George Will: It would have been even if the president hadn’t intervened. But in the span of three days, Christiane, he first submits a budget that would increase the federal deficit and, two days later, he mobilizes his party, his own political machine, and organized labor, which is an appendage to his party, to sabotage Wisconsin’s attempt to do what he will not do, which is deal with the insolvency of their government. In doing so, he has set the stage for 2012 by saying the Democratic Party is the party of government, not just in having an exaggerated view of the scope and competence of government, but because its base is in public employees.
h/t Fred

65 Replies to “Obama, the DNC, & the Unions vs. The Rest of America”

  1. When Unions were allowed to organize in the public sector for the first time in the US it was in WI in ’58. Two years later JFK let the federal pse’s organize. Right around that time the percentage of workers in the US private sector hit its peak. From that point the private sector unions began a decline to today where they are little over 5% of the workforce. Those unions didn’t lose to non-unions, rather, they destroyed the profitability of the sectors they were in. Today, not a single sector that America was a leader in in 1958 that was unionized then exists to any significant degree today with one single exception – aerospace – which gets a high percentage of it business from govt military spending. Steel, electronics, automotive (outside of Right-To-Work [RTW] states where there are no unions), textiles, and on and on, they are all shadows of what they were 50 years ago and they all had closed shop unions.

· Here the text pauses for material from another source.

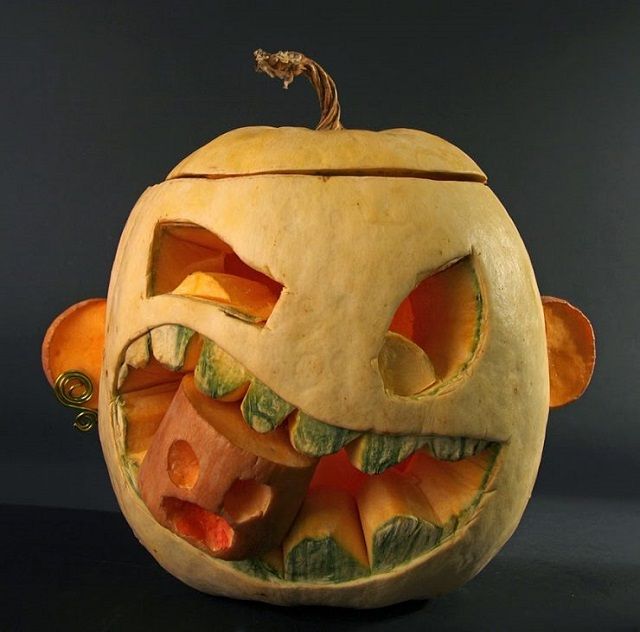 Гарбуз на Хелловін своїми руками - малюнок, як намалювати гарбуз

    By contrast, the PSE unionization levels have grown or remained stable over the same period. They have no foreign competition. A state or federal employer meets its commitments to the unions by taxing others or incurring debt – the government doesn’t go out of business.
    Until now.
    Now Governments are faced with the very real prospect of default (or worse). Cutting out the weapon of collective bargaining is now an act of survival. (and one day the Firefighters and police will (and should) lose that power. One achievable step at a time.) By doing so, the gov’t puts the bargaining process on an equal and hopefully sustainable footing.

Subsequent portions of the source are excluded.